A Canada-wide Indigenous firefighting organization is collecting detailed data on fires in First Nations.
And the country’s National Indigenous Fire Marshal says it will serve a number of purposes to try to better fire safety in Indigenous communities.
The National Indigenous Fire Safety Council’s incident reporting system has been up and running for about five years now, Arnold Lazare told Newswatch, but they’re still advocating for more communities to submit information. The database, which “gathers, stores and analyses fire incident data from Indigenous communities,” can help in a number of ways and builds on studies the council has already done, he said.

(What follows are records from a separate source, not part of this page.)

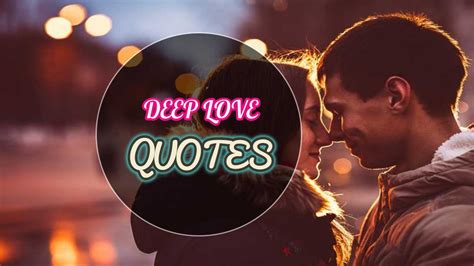 deep love quotes    express  feelings list bark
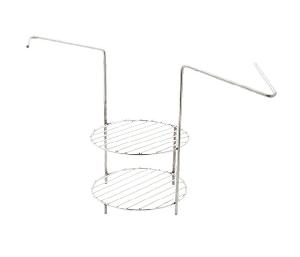 Этажерка 2-ярусная малая для тандыров Сармат "Донской", "Кочевник"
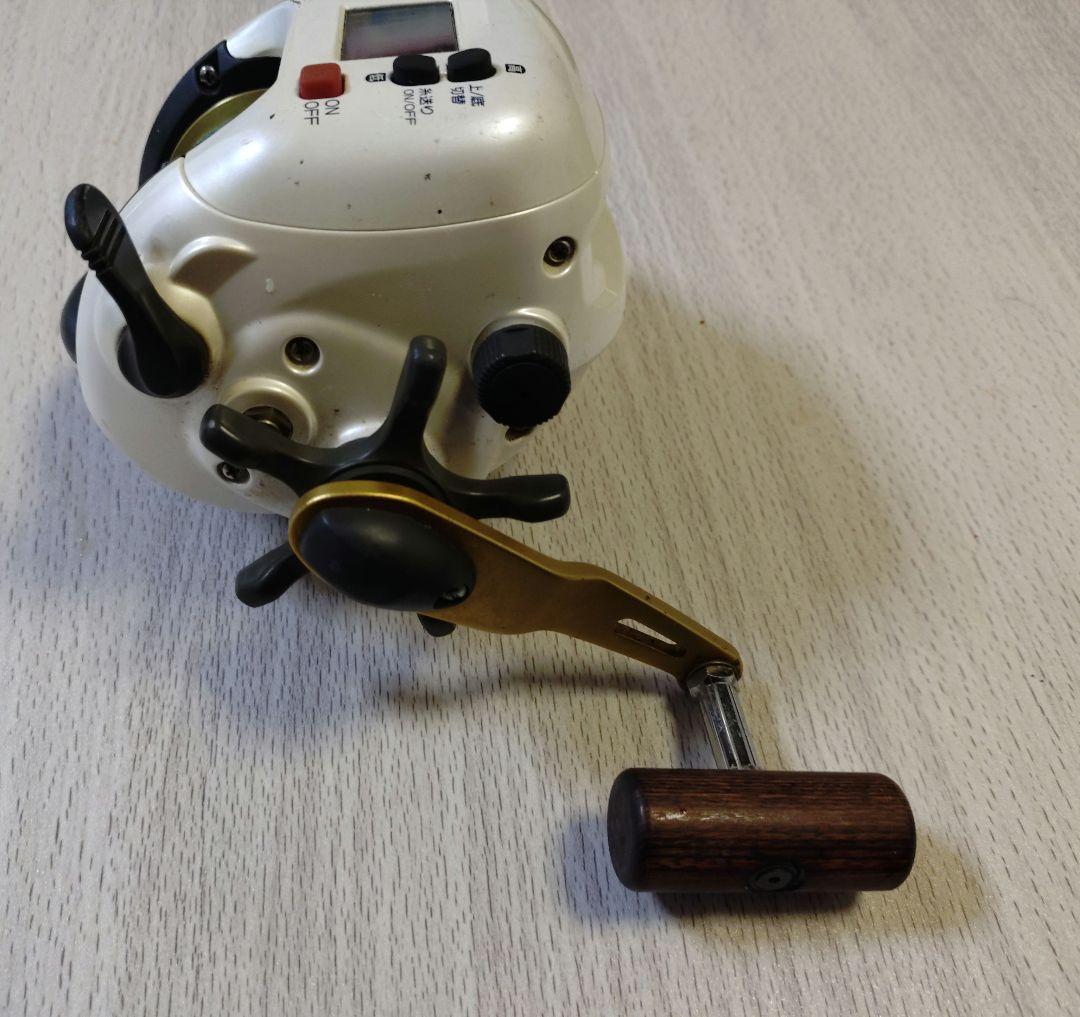 【SHIMANO】電動丸3000R （ジャンク）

“We want to continue the research to know where we need to do our public education,” Lazare said. “So, we've asked for communities to volunteer their statistics and we look at (things like) where the fire started, were there injuries, what was the main cause.”

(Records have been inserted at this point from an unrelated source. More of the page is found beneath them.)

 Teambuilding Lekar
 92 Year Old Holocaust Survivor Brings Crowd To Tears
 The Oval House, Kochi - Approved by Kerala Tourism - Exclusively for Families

“With this, we're going to, in turn, focus our public safety campaigns, our prevention campaigns on that, and it'll give us the empirical data that we can go to the funding agencies — Indigenous Services, Public Safety Canada, etc. — to obtain the funds that are necessary.”
Lazare said the organization has partnered with Statistics Canada and the National Research Council on research and data collection about fires in First Nations, and found that, depending on where you are in Canada, Indigenous people are anywhere from 10.2 times to 17 times more likely to die in a house fire.
Generally, the numbers get higher “the further north you go,” Lazare said.
Data provided to Newswatch by Ontario’s Office of the Chief Coroner showed 27 people died in 20 house fires in First Nations province-wide between 2018 and 2025. That data only included information from closed death investigations and deaths classified as “accidents” the report said, excluding those categorized as homicides or by other or undetermined causes.
Fire or smoke also had to have contributed to the cause of death for the number to be tallied, the coroner’s office said.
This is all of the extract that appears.